Low bottom: I lost nearly everything, including health, family, friends, and jobs.

The study found that Whites, religious people, and episodic drinkers were less likely to be low bottoms when they began recovering.

Alcohol-related problems were most clearly associated with level of bottom, supporting recent findings that problems increase the odds that an alcoholic will perceive the need for help and will seek help (Grella et al., 2009).

Findings were – high bottom (36.1%), middle bottom (44.5%), and low bottom (19.4%).

A fundamental tenet of AA is that alcoholism is progressive, so that alcoholics “get worse, never better” (AA, 2001, p. 30). Supportive of this progressive framework is the finding that problems distinguish high bottoms from low bottoms. The difference was most clear in the categories of social and physical problems, indicating that early identification of these problems could signal a need for intervention, particularly if the individual drinks constantly or uses drugs other than alcohol.

A recent study by Field, Duncan, Washington, and Adinoff (2007)reported an inverse relationship between motivation to change and alcoholic problem severity, suggesting low-bottom alcoholics might be less motivated than high-bottom alcoholics to pursue recovery.”

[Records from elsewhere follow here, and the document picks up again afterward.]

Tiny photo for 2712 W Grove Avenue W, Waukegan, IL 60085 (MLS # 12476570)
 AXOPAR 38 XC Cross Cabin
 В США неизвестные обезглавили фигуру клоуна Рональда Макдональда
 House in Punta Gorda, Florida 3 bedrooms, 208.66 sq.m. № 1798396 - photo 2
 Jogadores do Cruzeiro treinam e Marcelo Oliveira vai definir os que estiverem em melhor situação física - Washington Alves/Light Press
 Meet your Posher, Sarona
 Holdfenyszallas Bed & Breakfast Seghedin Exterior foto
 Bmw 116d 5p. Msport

The salutatory lesson from this for me from this study is that we should never pronounce when another addict or alcoholic has had enough! That quite clearly is for them to decide not us!
It appears almost counter intuitive for some, if not many,  that many more alcoholics, who seem to have stopped drinking before losing what was important to them, are motivated to pursue recovery than those who lost nearly everything, including health, family, friends, and jobs.
This is very noteworthy as it runs contrary to AA experience in the early days when most alcoholics seeking recovery were low bottom.
This would suggest that widespread societal awareness that there is a solution has had a profound effect on alcoholics seeking help for their illness much earlier than in the early decades of AA.
This has profound effects on earlier intervention as these individuals can access treatment via support networks and may not have to experience the multitude of physiological, mental, emotional, financial, legal, relationship, family and other problems low bottom alcoholics frequently do.
If we can alleviate suffering we should also seek to do so and help others to do so as early as possible.
 
You do not have to lose everything in order to surrender to 12 step programs of recovery. For me there is  a real message of hope in this study, that alcoholics can seek help earlier without having to experience the various hardships of low bottom.

 

References
1. Young, L. B. (2011). Hitting bottom: Help seeking among Alcoholics Anonymous members. Journal of Social Work Practice in the Addictions, 11(4), 321-335.

2 comments

  1. theraineyview · July 12, 2015

    I had a low bottom almost 20 years before my last drink. In contrast, when I finally quit for the last time things were actually not very desperate, but I had matured enough to see myself objectively and realize that if I didn’t always have control, I didn’t have control, and something clicked. It felt like I finally saw how the enemy thinks, as if alcohol thinks, and I began to feel more confident in my fight against my addictions.

    • alcoholicsguide · July 12, 2015

      I have heard of that in people who were relatively younger – then they came into recovery years later after a moment of clarity, sometimes in a police cell.